== PROVIDED ENTRIES ==
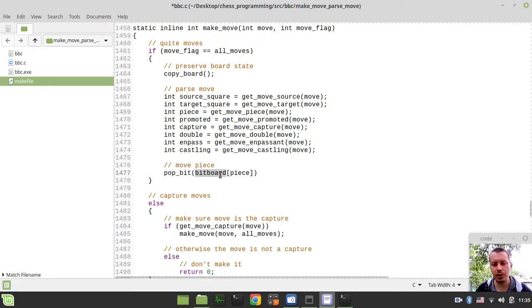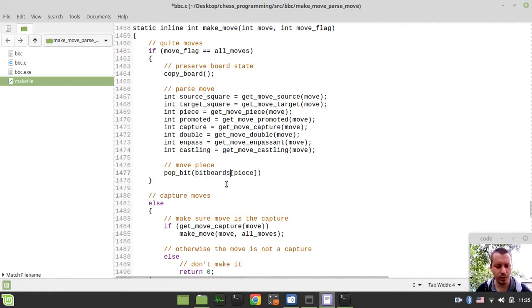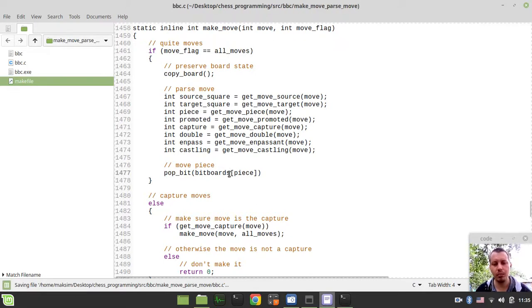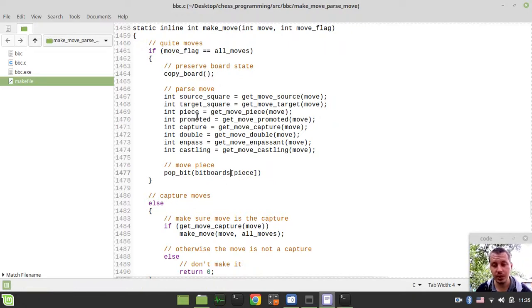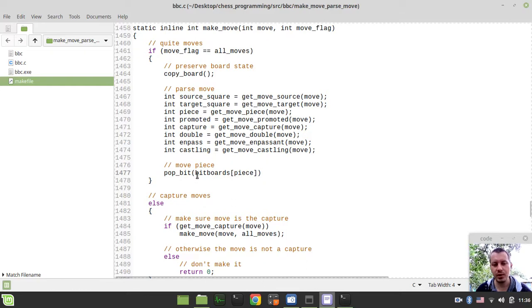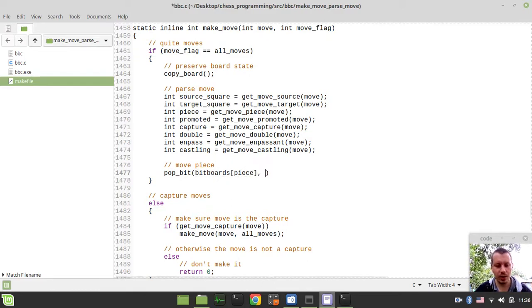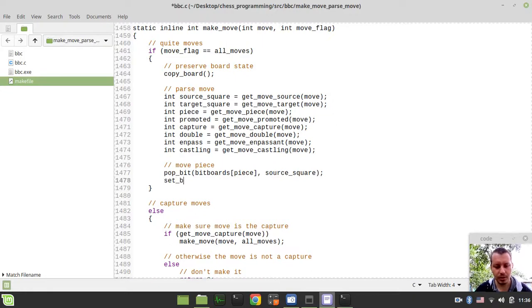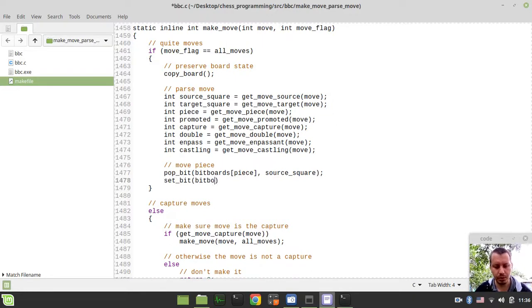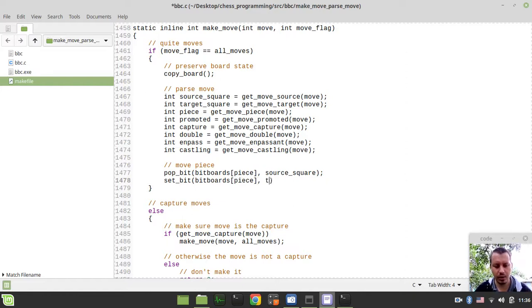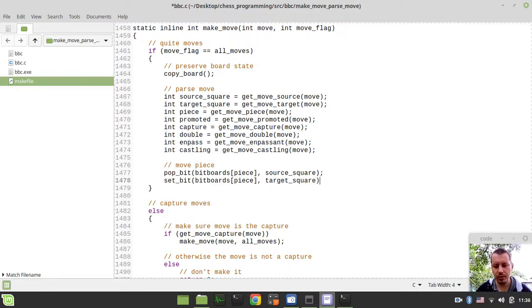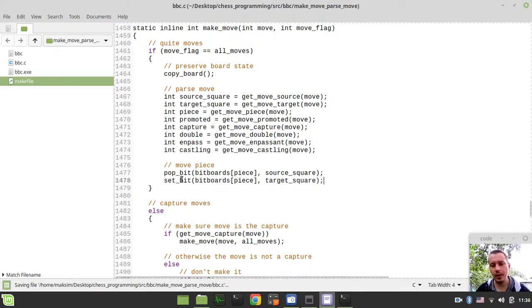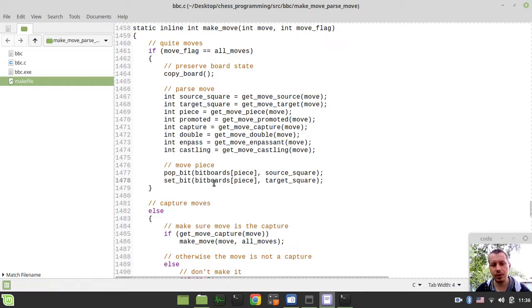So we're just indexing our bitboards by the piece, whatever piece is available within this move. And we want to pop bit from this bitboard at the source square. Very simple. And then we need to set bit, bitboards and the piece and the target square. So we just pop in the bit from the source square and we're setting the bit on the target square.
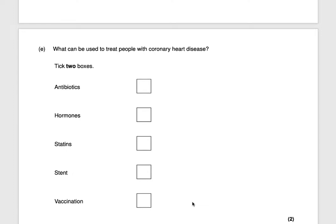The next question asks what can be used to treat people with coronary heart disease. There are two key things: we have the stent, which is inserted into the blocked artery, and the statin, which is taken by the patient every day. That would be worth two marks.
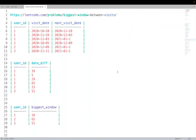Hello friends, welcome again. We have seen window functions and covered them in great detail. The best way to further enhance our knowledge is by solving some interview problems which are medium to hard category. Easy ones we can do very easily, so we will look at some medium to hard kind of window questions.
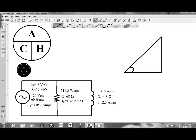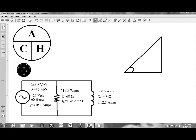In this presentation, we will be looking at power factor and angle theta for a parallel RL circuit. At this point, we have calculated the total current, current through the individual branches through both the resistor and the inductor, and we've calculated impedance, total power, wattage, and reactive power.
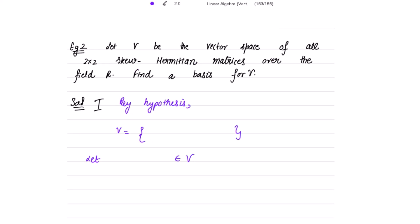Next — and this is very important — let V be the vector space of all 2×2 skew-Hermitian matrices over the field R. Find the basis for V. By hypothesis, V consists of 2×2 skew-Hermitian matrices, so write 0, 0 in the diagonal and iota*a and negative iota*a off-diagonal, where a belongs to the real numbers.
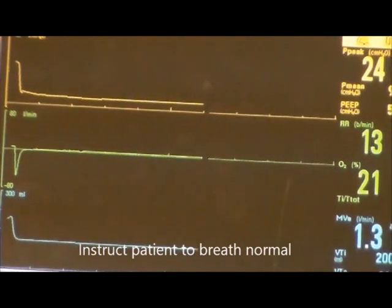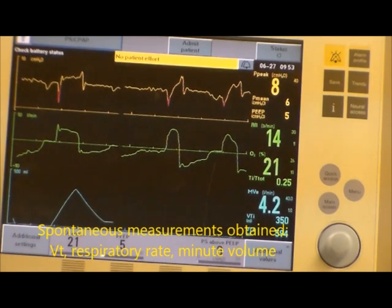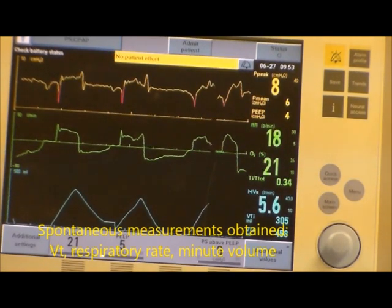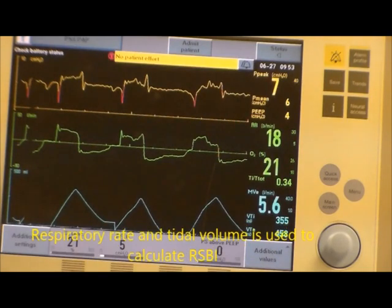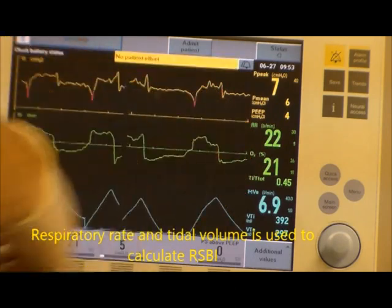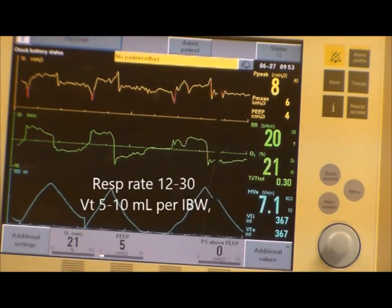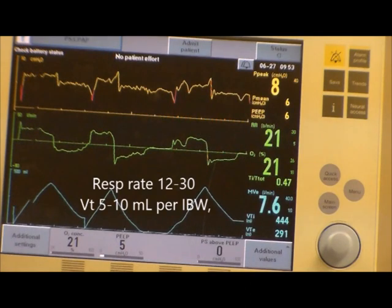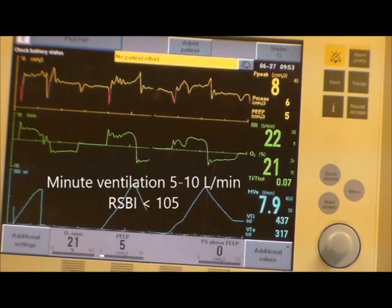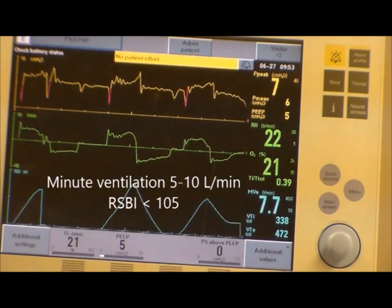Mr. Smith, I want you to breathe nice and normal. From these settings you can get their spontaneous respiratory rate, their tidal volume, their minute volume, and you can calculate their RSBI. Remember: rate you want between 12 and 30; tidal volume goal should be 5 to 10 mls per kilogram based on ideal body weight; minute ventilation 5 to 10 liters per minute; and your RSBI should be less than 105.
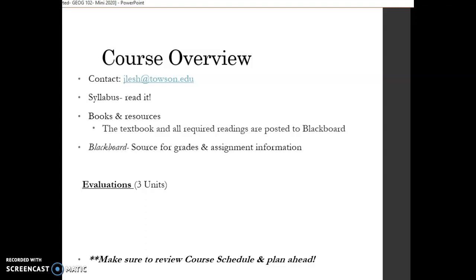All of the readings are provided and found on Blackboard. So the textbook we use by Finlayson is provided in a PDF form and also her chapters are relatively brief. So as she introduces you to different parts of the world and different geographic concepts, I've included supplementary readings on topics such as immigration, language, religion that'll help build on the overview that Finlayson provides. Blackboard is also important because it's the site of your grades. It's where you're going to track your progress. And it's also where the instructions are found for our different assessments.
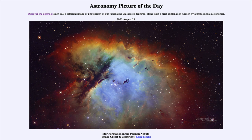Some of the stars have already formed at the center in that bluish region, and others are still in the process of forming. You can see tendrils of material pointing towards the star at the center — those tendrils are where stars are still just beginning to form and have not yet broken out of their cocoons. They're hiding in there and will eventually emerge as they begin to produce their own energy by fusing hydrogen into helium.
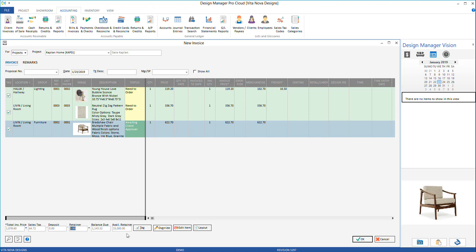In the retainer field, enter the amount that you wish to use on this invoice. It is best to not enter an amount larger than the balance due unless you are planning to give a credit. Then select OK.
===
WHAT IS EXPECTED.
A verbatim copy of the data, free of pictures, is the expected answer.

TASK SOLUTION.
So we're just indexing our bitboards by the piece, whatever piece is available within this move. And we want to pop bit from this bitboard at the source square. Very simple. And then we need to set bit, bitboards and the piece and the target square. So we just pop in the bit from the source square and we're setting the bit on the target square.
The next question asks what can be used to treat people with coronary heart disease. There are two key things: we have the stent, which is inserted into the blocked artery, and the statin, which is taken by the patient every day. That would be worth two marks.
Hello friends, welcome again. We have seen window functions and covered them in great detail. The best way to further enhance our knowledge is by solving some interview problems which are medium to hard category. Easy ones we can do very easily, so we will look at some medium to hard kind of window questions.
In this presentation, we will be looking at power factor and angle theta for a parallel RL circuit. At this point, we have calculated the total current, current through the individual branches through both the resistor and the inductor, and we've calculated impedance, total power, wattage, and reactive power.
Next — and this is very important — let V be the vector space of all 2×2 skew-Hermitian matrices over the field R. Find the basis for V. By hypothesis, V consists of 2×2 skew-Hermitian matrices, so write 0, 0 in the diagonal and iota*a and negative iota*a off-diagonal, where a belongs to the real numbers.
Mr. Smith, I want you to breathe nice and normal. From these settings you can get their spontaneous respiratory rate, their tidal volume, their minute volume, and you can calculate their RSBI. Remember: rate you want between 12 and 30; tidal volume goal should be 5 to 10 mls per kilogram based on ideal body weight; minute ventilation 5 to 10 liters per minute; and your RSBI should be less than 105.
All of the readings are provided and found on Blackboard. So the textbook we use by Finlayson is provided in a PDF form and also her chapters are relatively brief. So as she introduces you to different parts of the world and different geographic concepts, I've included supplementary readings on topics such as immigration, language, religion that'll help build on the overview that Finlayson provides. Blackboard is also important because it's the site of your grades. It's where you're going to track your progress. And it's also where the instructions are found for our different assessments.
Some of the stars have already formed at the center in that bluish region, and others are still in the process of forming. You can see tendrils of material pointing towards the star at the center — those tendrils are where stars are still just beginning to form and have not yet broken out of their cocoons. They're hiding in there and will eventually emerge as they begin to produce their own energy by fusing hydrogen into helium.
In the retainer field, enter the amount that you wish to use on this invoice. It is best to not enter an amount larger than the balance due unless you are planning to give a credit. Then select OK.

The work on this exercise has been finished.